There are two antidotes for hollow home syndrome – legislative and economic. Local governments can tax hollow homes higher, in effect putting a value on volunteerism. There are pony clubs in Auckland that have two membership rates. A low one for the traditional member who joins in the working bees to keep the club up, and a much higher one for the families who want to their child to ride, but not do any volunteer work. Many families are happy to pay, because they have the money, but not the time. The same model can be looked at by local government.
The economic model requires the community, and its planning professionals, make a concerted effort to create an economic environment that supports household incomes that can compete with hollow home buyers. If the average household income is $50,000, the average home price of $500,000 is unaffordable.

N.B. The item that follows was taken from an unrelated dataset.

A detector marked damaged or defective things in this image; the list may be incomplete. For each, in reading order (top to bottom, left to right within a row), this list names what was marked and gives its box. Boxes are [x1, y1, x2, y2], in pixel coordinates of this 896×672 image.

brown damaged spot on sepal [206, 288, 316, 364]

But if the average household income can be increased to $120,000, balance is restored. In this latter case, there will be displacement. People with low incomes will be displaced by people with higher incomes, but the community will regain its strength as it gets full time stakeholding participants.

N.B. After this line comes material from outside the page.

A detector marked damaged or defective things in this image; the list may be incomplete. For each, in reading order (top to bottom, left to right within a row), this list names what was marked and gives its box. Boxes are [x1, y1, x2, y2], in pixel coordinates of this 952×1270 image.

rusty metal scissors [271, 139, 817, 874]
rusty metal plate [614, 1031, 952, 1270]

To earn $120,000 a year, one needs to be a professional or a successful entrepreneur. For such people to be attracted to a place like Waiheke, the economic conditions to make it possible need to be there… a place to work, high speed broadband, good schools, good transport, and a proactive calling. Of these, Waiheke lacks places to work and the schools are still struggling to get there. Both can be addressed.
In the absence of any such concerted effort, hollow house syndrome will respond to market forces. When credit tightens, the global economy retracts or the camel hump of demographics shifts from high demand to over-supply of homes, the prices will crash. Not drop, but crash because the purchase was discretionary and in part a symbol of status rather than an expression of need.